#### TASK ITEM:
Transcribe every record verbatim.
EXTRACTED INFORMATION START
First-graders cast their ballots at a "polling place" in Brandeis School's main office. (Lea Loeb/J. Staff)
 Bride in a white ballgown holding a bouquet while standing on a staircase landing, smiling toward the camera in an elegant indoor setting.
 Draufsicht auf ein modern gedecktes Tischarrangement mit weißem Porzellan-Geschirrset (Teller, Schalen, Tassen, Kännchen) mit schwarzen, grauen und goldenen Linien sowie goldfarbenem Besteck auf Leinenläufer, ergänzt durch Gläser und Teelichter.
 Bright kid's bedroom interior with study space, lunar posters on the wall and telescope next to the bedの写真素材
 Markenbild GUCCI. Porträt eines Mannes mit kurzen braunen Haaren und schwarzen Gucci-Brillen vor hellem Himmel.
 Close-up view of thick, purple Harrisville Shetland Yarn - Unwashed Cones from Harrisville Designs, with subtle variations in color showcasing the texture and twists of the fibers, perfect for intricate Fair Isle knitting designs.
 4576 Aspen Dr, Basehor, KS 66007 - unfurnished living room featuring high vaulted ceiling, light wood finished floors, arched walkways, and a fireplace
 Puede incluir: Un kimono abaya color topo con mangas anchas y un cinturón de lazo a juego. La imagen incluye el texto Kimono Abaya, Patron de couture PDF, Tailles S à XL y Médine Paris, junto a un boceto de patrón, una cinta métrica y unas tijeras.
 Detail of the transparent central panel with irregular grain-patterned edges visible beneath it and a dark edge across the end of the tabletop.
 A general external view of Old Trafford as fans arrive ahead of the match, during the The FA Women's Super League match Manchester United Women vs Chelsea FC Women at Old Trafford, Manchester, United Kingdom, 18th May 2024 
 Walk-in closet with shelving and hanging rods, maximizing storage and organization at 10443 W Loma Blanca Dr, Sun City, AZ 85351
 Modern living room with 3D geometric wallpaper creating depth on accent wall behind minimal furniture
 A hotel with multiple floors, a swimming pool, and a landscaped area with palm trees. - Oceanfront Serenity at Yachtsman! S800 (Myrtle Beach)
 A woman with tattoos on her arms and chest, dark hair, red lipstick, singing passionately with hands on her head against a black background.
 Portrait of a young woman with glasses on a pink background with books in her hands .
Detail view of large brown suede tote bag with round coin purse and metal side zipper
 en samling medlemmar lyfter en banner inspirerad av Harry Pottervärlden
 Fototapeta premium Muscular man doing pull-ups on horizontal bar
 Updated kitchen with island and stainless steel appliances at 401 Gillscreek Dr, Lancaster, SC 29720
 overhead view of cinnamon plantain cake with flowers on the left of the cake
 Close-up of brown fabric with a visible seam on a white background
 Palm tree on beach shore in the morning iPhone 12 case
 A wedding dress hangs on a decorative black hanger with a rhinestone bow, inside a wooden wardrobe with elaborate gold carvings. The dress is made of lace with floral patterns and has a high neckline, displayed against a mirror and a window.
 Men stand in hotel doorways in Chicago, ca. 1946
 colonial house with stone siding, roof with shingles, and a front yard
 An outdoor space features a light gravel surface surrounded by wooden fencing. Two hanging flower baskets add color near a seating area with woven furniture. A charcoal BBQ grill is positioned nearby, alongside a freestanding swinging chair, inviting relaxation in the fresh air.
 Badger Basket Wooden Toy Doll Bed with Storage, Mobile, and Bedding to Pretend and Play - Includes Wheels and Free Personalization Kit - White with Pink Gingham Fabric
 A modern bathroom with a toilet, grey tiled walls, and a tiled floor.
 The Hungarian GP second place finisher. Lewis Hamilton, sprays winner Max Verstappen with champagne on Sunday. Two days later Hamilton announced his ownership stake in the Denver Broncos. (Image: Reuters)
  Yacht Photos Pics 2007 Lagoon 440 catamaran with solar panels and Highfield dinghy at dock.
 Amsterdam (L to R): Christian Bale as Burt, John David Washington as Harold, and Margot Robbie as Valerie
EXTRACTED INFORMATION END
#### ANSWER SPACE:
First-graders cast their ballots at a "polling place" in Brandeis School's main office. (Lea Loeb/J. Staff)
 Bride in a white ballgown holding a bouquet while standing on a staircase landing, smiling toward the camera in an elegant indoor setting.
 Draufsicht auf ein modern gedecktes Tischarrangement mit weißem Porzellan-Geschirrset (Teller, Schalen, Tassen, Kännchen) mit schwarzen, grauen und goldenen Linien sowie goldfarbenem Besteck auf Leinenläufer, ergänzt durch Gläser und Teelichter.
 Bright kid's bedroom interior with study space, lunar posters on the wall and telescope next to the bedの写真素材
 Markenbild GUCCI. Porträt eines Mannes mit kurzen braunen Haaren und schwarzen Gucci-Brillen vor hellem Himmel.
 Close-up view of thick, purple Harrisville Shetland Yarn - Unwashed Cones from Harrisville Designs, with subtle variations in color showcasing the texture and twists of the fibers, perfect for intricate Fair Isle knitting designs.
 4576 Aspen Dr, Basehor, KS 66007 - unfurnished living room featuring high vaulted ceiling, light wood finished floors, arched walkways, and a fireplace
 Puede incluir: Un kimono abaya color topo con mangas anchas y un cinturón de lazo a juego. La imagen incluye el texto Kimono Abaya, Patron de couture PDF, Tailles S à XL y Médine Paris, junto a un boceto de patrón, una cinta métrica y unas tijeras.
 Detail of the transparent central panel with irregular grain-patterned edges visible beneath it and a dark edge across the end of the tabletop.
 A general external view of Old Trafford as fans arrive ahead of the match, during the The FA Women's Super League match Manchester United Women vs Chelsea FC Women at Old Trafford, Manchester, United Kingdom, 18th May 2024 
 Walk-in closet with shelving and hanging rods, maximizing storage and organization at 10443 W Loma Blanca Dr, Sun City, AZ 85351
 Modern living room with 3D geometric wallpaper creating depth on accent wall behind minimal furniture
 A hotel with multiple floors, a swimming pool, and a landscaped area with palm trees. - Oceanfront Serenity at Yachtsman! S800 (Myrtle Beach)
 A woman with tattoos on her arms and chest, dark hair, red lipstick, singing passionately with hands on her head against a black background.
 Portrait of a young woman with glasses on a pink background with books in her hands .
Detail view of large brown suede tote bag with round coin purse and metal side zipper
 en samling medlemmar lyfter en banner inspirerad av Harry Pottervärlden
 Fototapeta premium Muscular man doing pull-ups on horizontal bar
 Updated kitchen with island and stainless steel appliances at 401 Gillscreek Dr, Lancaster, SC 29720
 overhead view of cinnamon plantain cake with flowers on the left of the cake
 Close-up of brown fabric with a visible seam on a white background
 Palm tree on beach shore in the morning iPhone 12 case
 A wedding dress hangs on a decorative black hanger with a rhinestone bow, inside a wooden wardrobe with elaborate gold carvings. The dress is made of lace with floral patterns and has a high neckline, displayed against a mirror and a window.
 Men stand in hotel doorways in Chicago, ca. 1946
 colonial house with stone siding, roof with shingles, and a front yard
 An outdoor space features a light gravel surface surrounded by wooden fencing. Two hanging flower baskets add color near a seating area with woven furniture. A charcoal BBQ grill is positioned nearby, alongside a freestanding swinging chair, inviting relaxation in the fresh air.
 Badger Basket Wooden Toy Doll Bed with Storage, Mobile, and Bedding to Pretend and Play - Includes Wheels and Free Personalization Kit - White with Pink Gingham Fabric
 A modern bathroom with a toilet, grey tiled walls, and a tiled floor.
 The Hungarian GP second place finisher. Lewis Hamilton, sprays winner Max Verstappen with champagne on Sunday. Two days later Hamilton announced his ownership stake in the Denver Broncos. (Image: Reuters)
  Yacht Photos Pics 2007 Lagoon 440 catamaran with solar panels and Highfield dinghy at dock.
 Amsterdam (L to R): Christian Bale as Burt, John David Washington as Harold, and Margot Robbie as Valerie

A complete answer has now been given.